I see a lot of newbies swish in and out of the writing forums, asking the same questions over and over, then getting frustrated when their concerns aren’t immediately met with soft, encouraging words and a handful of easy-to-score, high-paying markets thrust into their palm. Some are willing to listen to the voice of experience, others, not so much. These three myths are a common theme among new freelancers, and are harder to extinguish than the urban legend of receiving free beer through e-mail forwards.
It’s fast money. Oops, excuse me, I just laughed so hard that milk came out my nose. In the big picture, freelancing may seem fast compared to the evolution of dinosaurs into chickens, but it won’t be faster than the due date of your electric bill. Sorry. It can take months between query, assignment, rewrite, acceptance, invoice, payment and publication. Need a speedy turnaround? Find some local clients who need press releases, newsletters and other writing products. In my experience, the process goes faster when you’re working with a local business. Sometimes I would get paid the same day I submitted my invoice; in other instances, it took a couple of weeks.
All you need is an idea and a keyboard. In theory, yes. But you also need information. A big chunk of freelancing is research, so get started now. Locate a copy of Writer’s Market and read the articles up front. There’s a lot of valuable info in there, from how to write a query letter to determining what you should charge. Also, check out writing sites like Absolute Write, which are worth their weight in cyber-gold. AW’s freelancing forum has a collection of stickies at the top of the page representing lifetimes of experience.

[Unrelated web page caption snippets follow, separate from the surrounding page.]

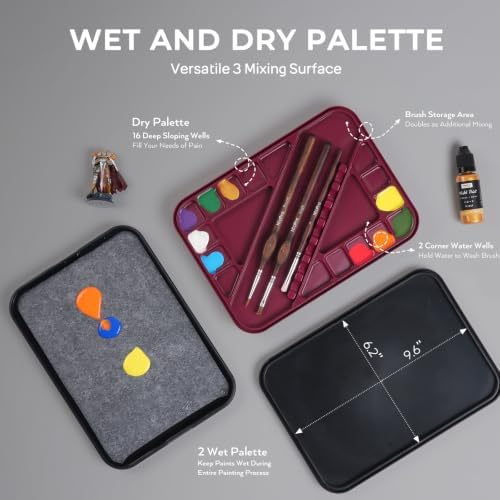 Nicpro All-In-One Miniature Painting Kit with 72 Model Paints & Wet Palette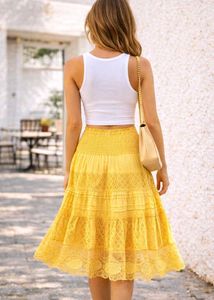New Pinterest Boho Yellow Smocked Tiered Midi Skir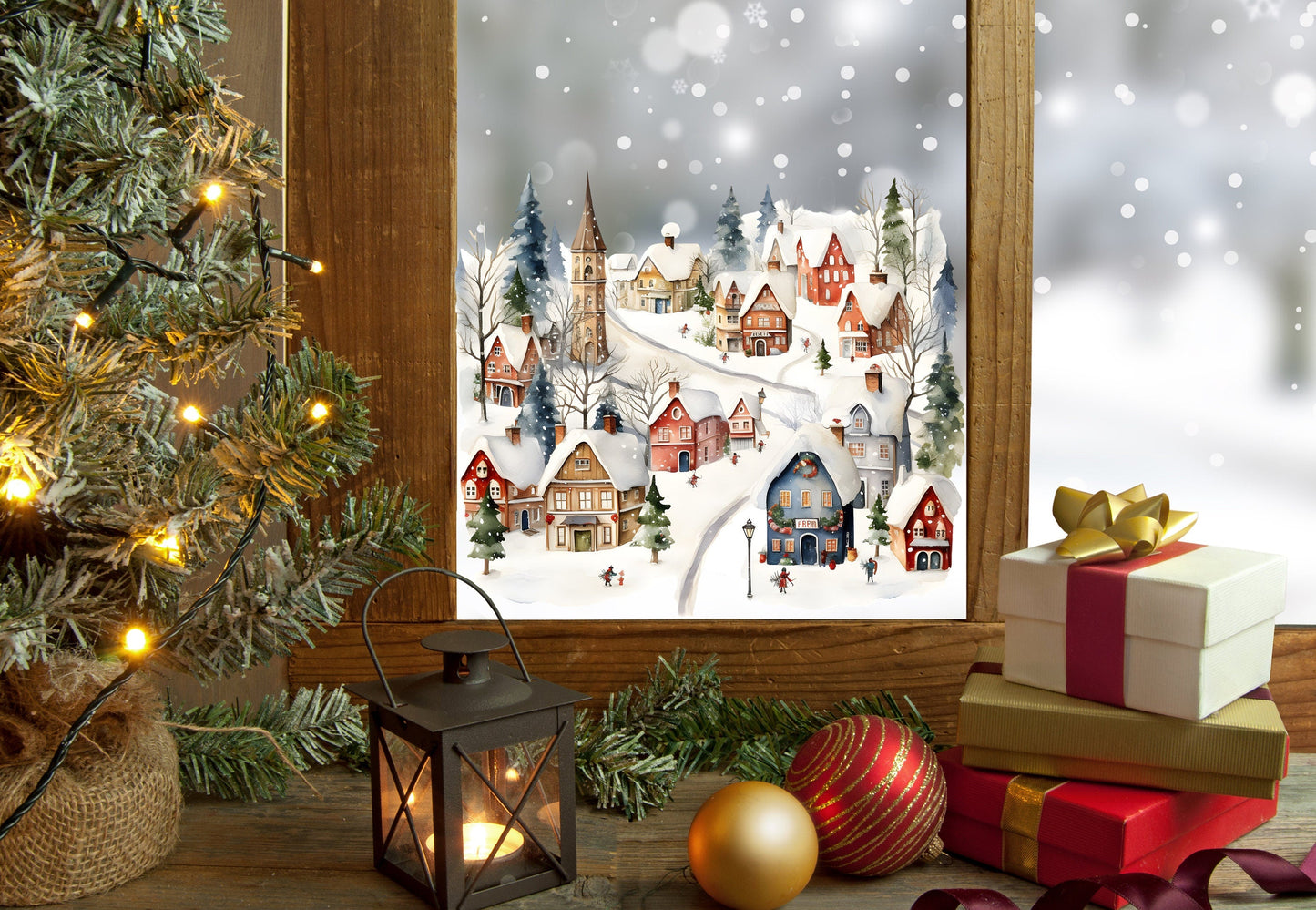 Double-Sided Christmas Window Sticker: Reusable Winter Scene Decal Creative Windows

Big markets are easy to crack. I once had a client who asked me, “If you send this press release to Reader’s Digest, what issue will it be in?” It’s tough to crack the top markets—that’s why they are the top markets. Family Circle, Woman’s Day, Good Housekeeping, Cosmopolitan, Vogue, Parade, Smithsonian etc., are staffed by very busy, very talented people. It takes a lot of time and effort to get their attention, and many writers spend years doing the rejection-query waltz with editors.
Again, think global, write local. Start out with regional pubs, get some clips, and climb the first few rungs of the ladder. We’ve all heard about the exceptions; people who claim, “On my first day, I wrote an article, sent it to Reader’s Digest, and they bought it!” These people suffer mysterious aches and pains throughout life, because the rest of us stick pins in their voodoo-doll likenesses. Most freelancers work very hard for each new level of accomplishment. It’s not a walk in the park, but if you do your job right, you could touch a few hearts and change a few lives with your words; if you’re very lucky and dedicated, you could even make a living at it.